Alanine aminotransferase (ALT) >1.5 x upper limit of normal (ULN);
Aspartate aminotransferase (AST) >1.5 x ULN;
Bilirubin (total) > 1.5 x ULN; and
Gamma glutamyl transpeptidase (GGT) >1.5 x ULN. If any these tests are out-of-range the test can be repeated once at the Screening Visit at the discretion of the Investigator.

Known carrier of the Human Leukocyte Antigen-B (HLA-B) *58:01 allele.
Any positive result on screening for serum hepatitis B surface antigen, hepatitis C antibody, and human immunodeficiency virus (HIV) antibody.
Suspected or known Gilbert's syndrome.
Current smokers or those who have smoked or used nicotine products (including e-cigarettes within the previous 3 months).
Positive screen for drugs of abuse, cotinine (nicotine) or alcohol at the Screening Visit or on Day -7.
Use of any prescribed or non-prescribed medication including antacids, analgesics (other than paracetamol/acetaminophen), herbal remedies, megadose vitamins (intake of 20 to 600 times the recommended daily dose) and minerals during the 2 weeks prior to the first administration of investigational product or within 5 half-lives (whichever is longer). The use of hormonal contraception therapy and hormonal replacement therapy for females are permitted.

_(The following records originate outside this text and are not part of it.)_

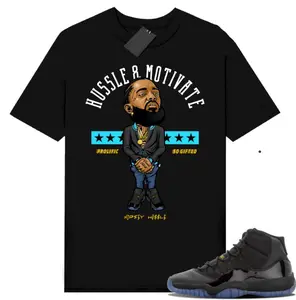 Gamma Blue 11s Sneaker Match Tees Black Hussle and Motivate Unisex Streetwear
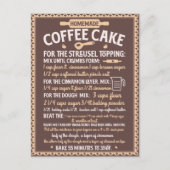 バレンタインズデイ自家製コーヒーケーキレシピ ポストカード (正面)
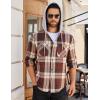 imageCOOFANDY Mens Flannel Hoodie Plaid Shirt Long Sleeve Button Down Casual Shirt Jacket Lightweight Fall ShacketPlaidbrown Orange Khaki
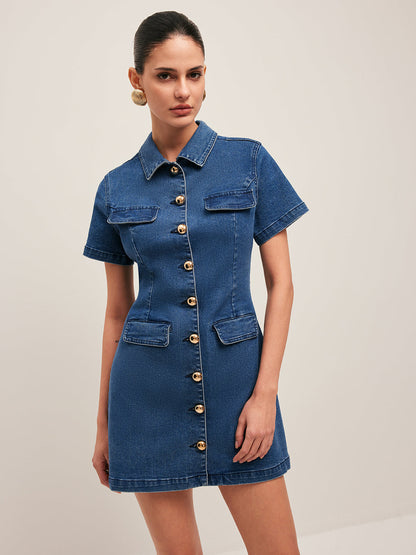 Gala | Trendy Mini Jurk van Spijkerstof voor Dames – Korte Mouwen & Knopen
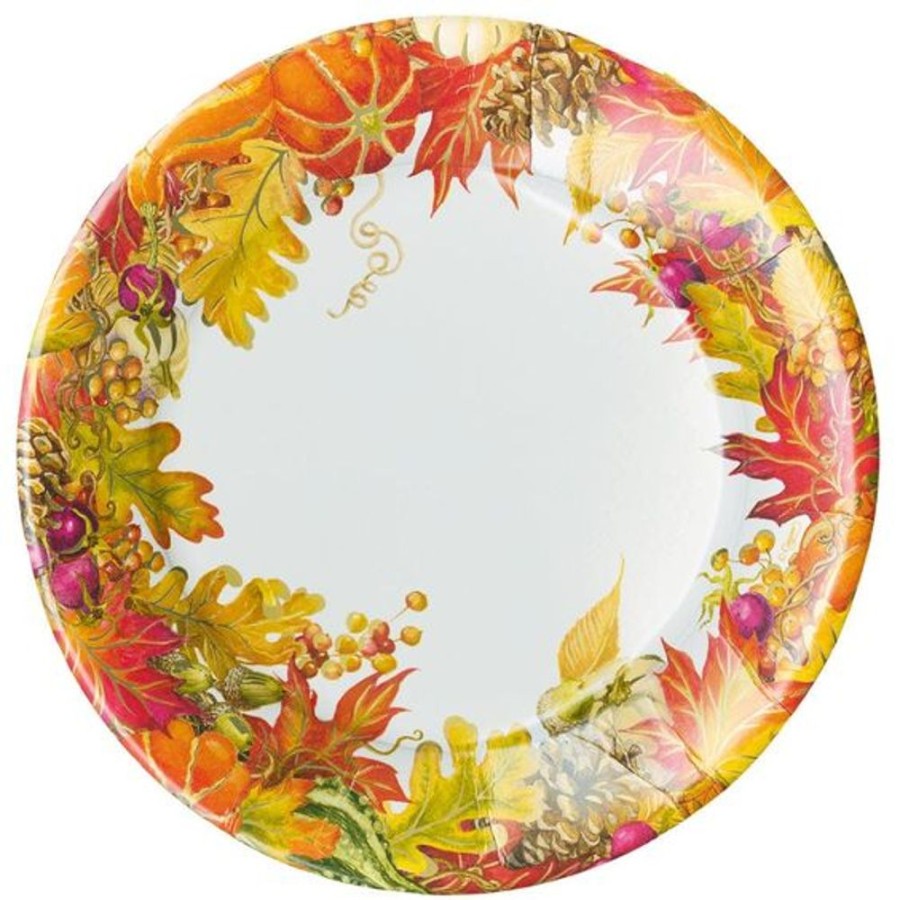 Cottage Kitchen CASPARI Serving Ware | Caspari- Harvest Garland Paper Dinner Plate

Has received another new chemical or biological entity (defined as a compound which has not been approved for marketing in the US) within 30 days or within 5 half-lives (whichever is longer) of the first administration of investigational drug in this study.
Involvement of any AstraZeneca, PAREXEL or study site employee or their close relatives.
Subjects who are vegans or have medical dietary restrictions.